Enzymatic conversion of sunflower oil to biodiesel in a solvent-free system: Process optimization and the immobilized system stability

Abstract

The feasibility of using the commercial immobilized lipase from Candida antarctica (Novozyme 435) to synthesize biodiesel from sunflower oil in a solvent-free system has been proved. Using methanol as an acyl acceptor and the response surface methodology as an optimization technique, the optimal conditions for the transesterification has been found to be: 45 degrees C, 3% of enzyme based on oil weight, 3:1 methanol to oil molar ratio and with no added water in the system.

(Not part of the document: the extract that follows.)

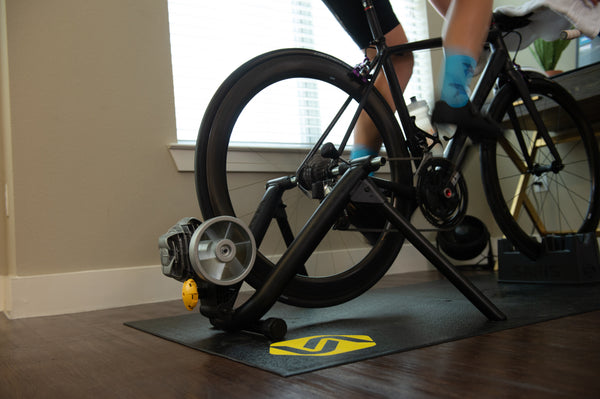 Saris Fluid 2 Smart Trainer in use — rider mid-interval effort, sweat flying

Under these conditions, gt 99% of oil conversion to fatty acid methyl ester (FAME) has been achieved after 50 h of reaction, but the activity of the immobilized lipase decreased markedly over the course of repeated runs. In order to improve the enzyme stability, several alternative acyl acceptors have been tested for biodiesel production under solvent-free conditions. The use of methyl acetate seems to be of great interest, resulting in high FAME yield (95.65%) and increasing the half-life of the immobilized lipase by about 20.1 times as compared to methanol. The reaction has also been verified in the industrially feasible reaction system including both a batch stirred tank reactor and a packed bed reactor. Although satisfactory performance in the batch stirred tank reactor has been achieved, the kinetics in a packed bed reactor system seems to have a slightly better profile (93.6 +/- 3.75% FAME yield after 8-10 h), corresponding to the volumetric productivity of 48.5 g/(dm(3) h). The packed bed reactor has operated for up to 72 h with almost no loss in productivity, implying that the proposed process and the immobilized system could provide a promising solution for the biodiesel synthesis at the industrial scale.